The Flight Jacket – A Fashion Staple For Men and Women
The flight jacket, also known as a bomber jacket, was created to keep pilots warm in the cockpit. It eventually became a fashionable clothing item.
Many aviation advances took place between the two World Wars, including the evolution of flight jackets. Cockpits were becoming narrower and more cluttered with technology, leading to the introduction of insulated leather jackets such as the US Army Type A-1.
The flight jacket was a necessity as airplanes began operating at higher altitudes. During World War II, bombing raids saw pilots soaring to heights of up to 25,000 feet, where cockpit temperatures dropped to extremely cold levels. The G-1, or M422A, military-issued leather flight jacket became the recognizable jacket of choice for U.S. Air Force and Navy fighter pilots. It also caught on with a host of subcultural movements, such as scooterboys and skinheads.
Pilots at that time didn’t have enclosed cockpits, so the Aviation Clothing Board began distributing heavy-duty leather jackets with high wraparound collars, zipper closures with wind flaps and snug cuffs and waists in goatskin or sheepskin. But it wasn’t until the advent of the jet aircraft that a slimmer, warmer jacket was developed to fit the needs of new planes. The MA-1 jacket was standardized in 1944 and featured a knitted wool waistband and cuffs, capeskin with shearling lining, two cargo pockets and horn buttons.
Flight jackets have become a fashion staple for men and women alike. You can wear them with jeans or a pair of high-waisted denim shorts, and accessorize with sneakers or a crossbody bag. You can also pair them with a t-shirt or crop top for a casual chic look.
The jackets grew in popularity between the two World Wars as aviation advancements made pilots fly at higher altitudes where they were exposed to cold air and unpressurized cockpits. The first of these new models was the leather US Army Type A-1, introduced in 1927. This jacket was designed with a flattering fit, and the knit cuffs and waistband insulated it from cold air.
Often, flight jackets have art on them to promote esprit de corps, as well as notation of how many missions the owner has completed. Although this art wasn’t sanctioned by the military, commanding officers took a tolerant view as it improved morale.

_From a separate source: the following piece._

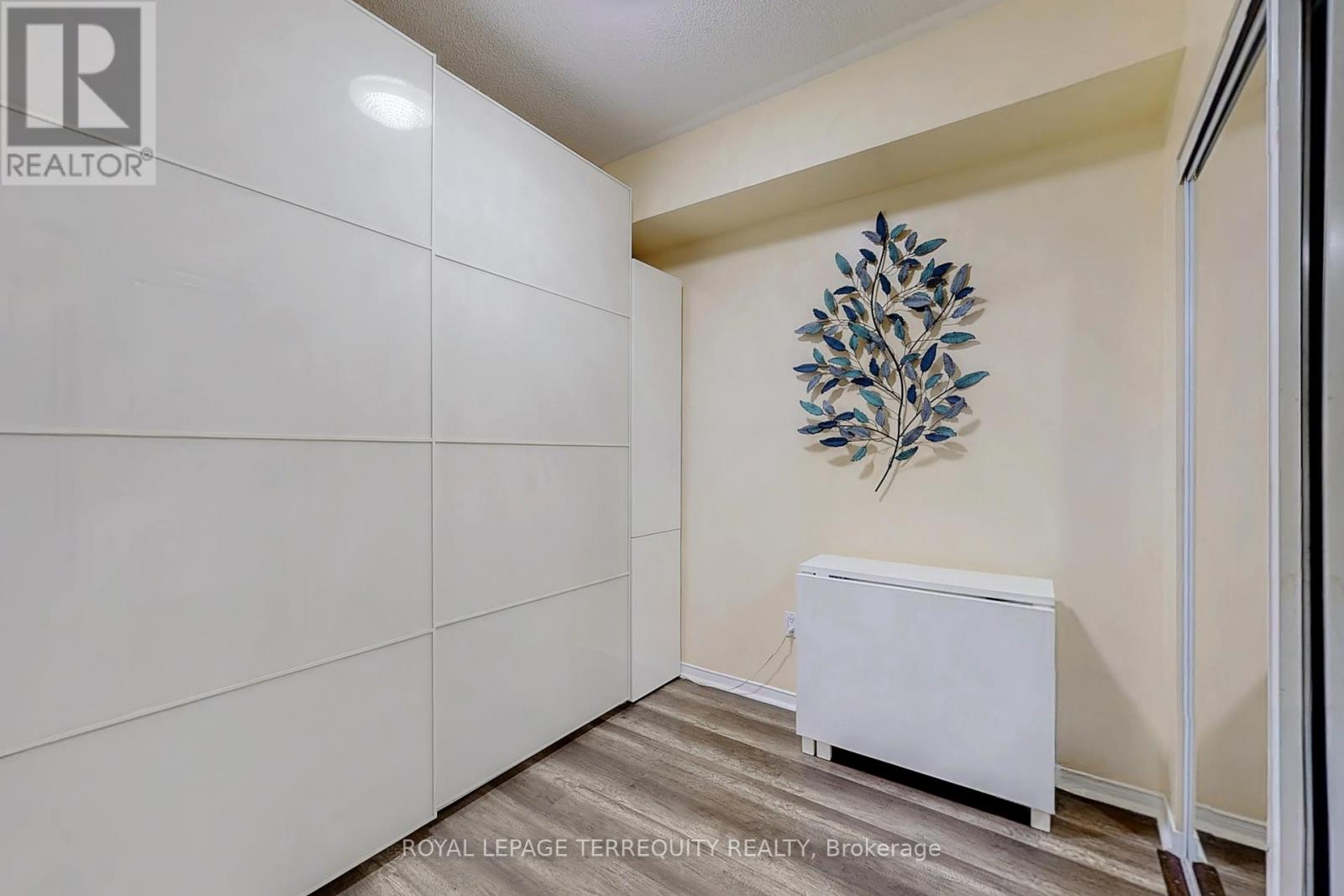 213 - 7398 Yonge Street, Vaughan, Ontario  L4J 8J2 - Photo 24 - N12369048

As a staple of flying, a flight jacket should be crafted from fabrics that stand up to intense conditions. Look for materials that resist flame and heat and are lightweight, breathable and moisture-wicking. This ensures that you’re comfortable and able to maintain focus throughout your mission.
In addition to fire resistance, look for a flight jacket with thermal properties that help regulate temperature. This can be especially important when flying at high altitudes.
Sheepskin is often used for its insulating abilities, which is especially critical in flight jackets that are designed to be worn at high altitudes. For example, heavy bombing raids took place at altitudes of 25,000 ft or higher, and pilots relied on their A-2 jackets to keep them warm during these missions. You can also find flight jackets crafted from wool, cotton or silk. If you want to find a genuine military-spec flight jacket, consider purchasing one from a military retailer or buying it from a vintage dealer at a collector show where you can inspect the product in person.
Between the two World Wars, advances in flight technology saw planes ascending to much higher (and colder) altitudes. To combat this, the jacket was updated again. The B-15 jacket replaced the sheepskin and mouton fur of earlier models with a nylon shell and wool-knit waist and cuffs. It also featured a sleeve pen pocket and leather straps to hold oxygen masks.
This version would endure for decades. It was eventually replaced by the G-1, but remains one of today’s most recognized versions of the flight jacket.
It was around this time that the jacket found its first sartorial fans among British youth, in the form of the original skinheads. These youth culture groups embraced the jacket as part of their sartorial expression and appropriation of music, such as soul, ska, and reggae. It wasn’t long before the LGBTQ community also adopted the jacket for its sartorial statement. Today, the jacket continues to be a symbol of subcultures and countercultures.